--- Exercise material Enclosed Below ---

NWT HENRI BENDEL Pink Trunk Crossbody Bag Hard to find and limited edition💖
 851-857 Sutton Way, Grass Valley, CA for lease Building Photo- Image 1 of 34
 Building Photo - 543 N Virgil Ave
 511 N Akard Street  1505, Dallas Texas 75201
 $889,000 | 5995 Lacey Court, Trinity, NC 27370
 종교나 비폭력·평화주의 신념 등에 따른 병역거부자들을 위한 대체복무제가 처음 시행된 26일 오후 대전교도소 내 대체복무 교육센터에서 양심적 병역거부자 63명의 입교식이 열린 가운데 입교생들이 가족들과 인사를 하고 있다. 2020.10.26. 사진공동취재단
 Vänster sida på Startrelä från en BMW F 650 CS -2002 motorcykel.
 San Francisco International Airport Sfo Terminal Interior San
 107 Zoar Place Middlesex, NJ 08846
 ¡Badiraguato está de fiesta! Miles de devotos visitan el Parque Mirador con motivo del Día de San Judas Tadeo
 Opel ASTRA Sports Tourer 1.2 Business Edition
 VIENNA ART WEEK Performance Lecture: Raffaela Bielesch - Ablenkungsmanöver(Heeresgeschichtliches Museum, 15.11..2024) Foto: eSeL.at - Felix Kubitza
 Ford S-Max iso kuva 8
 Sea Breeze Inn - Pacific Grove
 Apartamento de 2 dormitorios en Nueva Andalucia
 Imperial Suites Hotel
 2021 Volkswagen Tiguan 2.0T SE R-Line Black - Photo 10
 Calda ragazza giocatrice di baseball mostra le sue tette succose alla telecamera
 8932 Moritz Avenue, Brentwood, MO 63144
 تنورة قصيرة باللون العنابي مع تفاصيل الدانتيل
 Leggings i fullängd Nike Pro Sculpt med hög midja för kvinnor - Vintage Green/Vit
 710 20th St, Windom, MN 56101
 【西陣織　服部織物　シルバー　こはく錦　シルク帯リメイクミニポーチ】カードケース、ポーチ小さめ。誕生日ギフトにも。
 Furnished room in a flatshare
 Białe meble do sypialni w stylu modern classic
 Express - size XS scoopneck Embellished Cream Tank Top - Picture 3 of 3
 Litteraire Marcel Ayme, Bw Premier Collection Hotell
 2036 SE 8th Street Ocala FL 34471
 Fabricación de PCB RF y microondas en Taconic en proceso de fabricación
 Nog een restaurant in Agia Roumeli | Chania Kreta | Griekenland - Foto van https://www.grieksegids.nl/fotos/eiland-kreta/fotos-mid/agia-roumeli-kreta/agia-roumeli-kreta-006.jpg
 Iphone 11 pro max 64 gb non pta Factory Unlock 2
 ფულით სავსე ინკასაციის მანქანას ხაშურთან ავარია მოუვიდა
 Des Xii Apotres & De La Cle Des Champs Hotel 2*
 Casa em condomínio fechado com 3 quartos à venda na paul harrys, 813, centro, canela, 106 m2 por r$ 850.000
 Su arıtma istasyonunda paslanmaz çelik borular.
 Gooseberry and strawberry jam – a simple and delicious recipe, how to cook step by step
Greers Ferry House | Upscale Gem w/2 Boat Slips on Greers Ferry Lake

--- End of Enclosed Exercise material ---

**Task description**
Copy out all the lines of the records that include "Building".

**Output of the exercise**
 851-857 Sutton Way, Grass Valley, CA for lease Building Photo- Image 1 of 34
 Building Photo - 543 N Virgil Ave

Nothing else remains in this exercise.